Comment by zomglings

4 years ago

My team has a similar project (Locust: https://github.com/bugout-dev/locust) where the goal is to learn the semantic meanings of code changes in git commits, GitHub PRs, etc.

Since we took git diffs as a target for semantic analysis, we have a different approach to our diffs. We start with line-by-line diffs (specifically using "git diff") and then take a semantic diff by superimposing the git diff information on top of the initial and terminal ASTs.

This makes the diff calculation cheaper because we don't have to do full diff between trees.

Haven't updated the code in a few months, but my team is actively using Locust on public GitHub repos to learn the semantics of those code bases. We do plan to do some work on it soon to make it easier to make Locust easier to use (especially as a library).

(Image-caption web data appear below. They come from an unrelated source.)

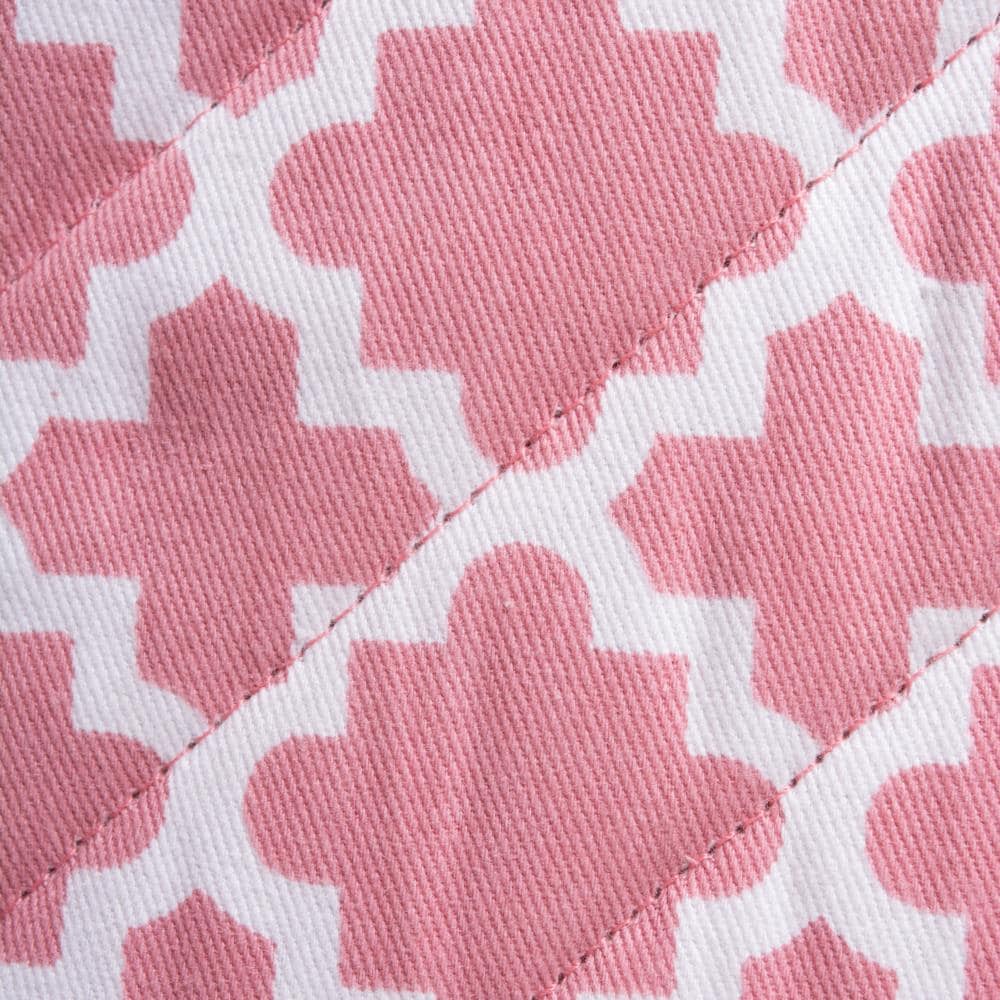DII CAMZ38472 Kitchen-Towels - View #3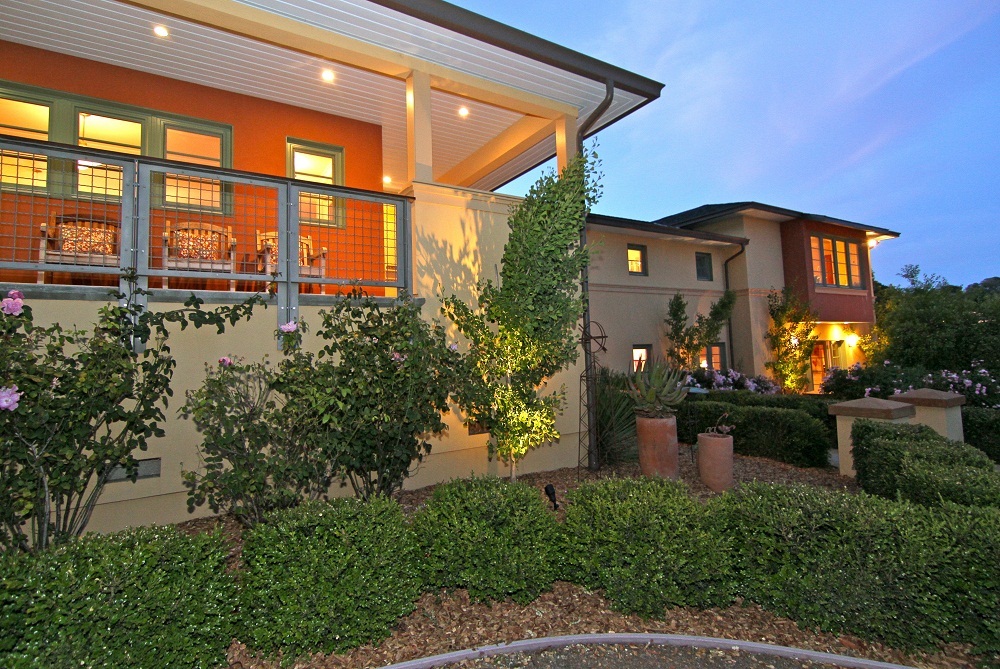 1395 Skillman Lane
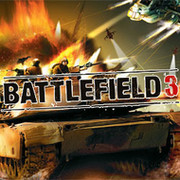 Battlefield 3 группа в Моем Мире.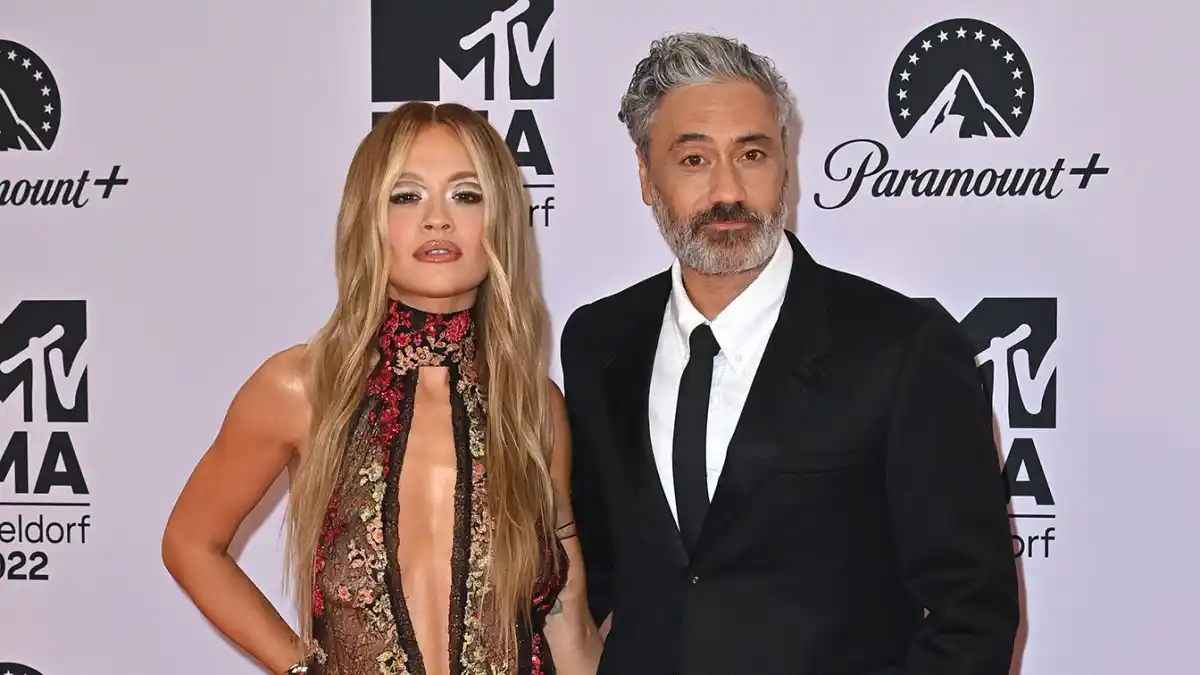 Taika-Waititi-Tattoo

Really need to sit down and take a proper look at tree-sitter. We currently support Locust diffs for Python, Javascript, and Java, but each one is custom written and implements the same basic algorithm. It looks like tree sitter might just crush this problem for us.

2 comments

zomglings

affyboi 4 years ago

I would recommend using tree-sitter, it's probably easier not to reinvent the wheel, especially when parsing something like C++. It's also really fast

zomglings 4 years ago

Thanks, definitely planning to look at it. Would really love to implement the semantic metadata extraction once in C/Rust and then have support for a bunch of different languages.
It is especially exciting that they aim to provide useful information even in the presence of syntax errors.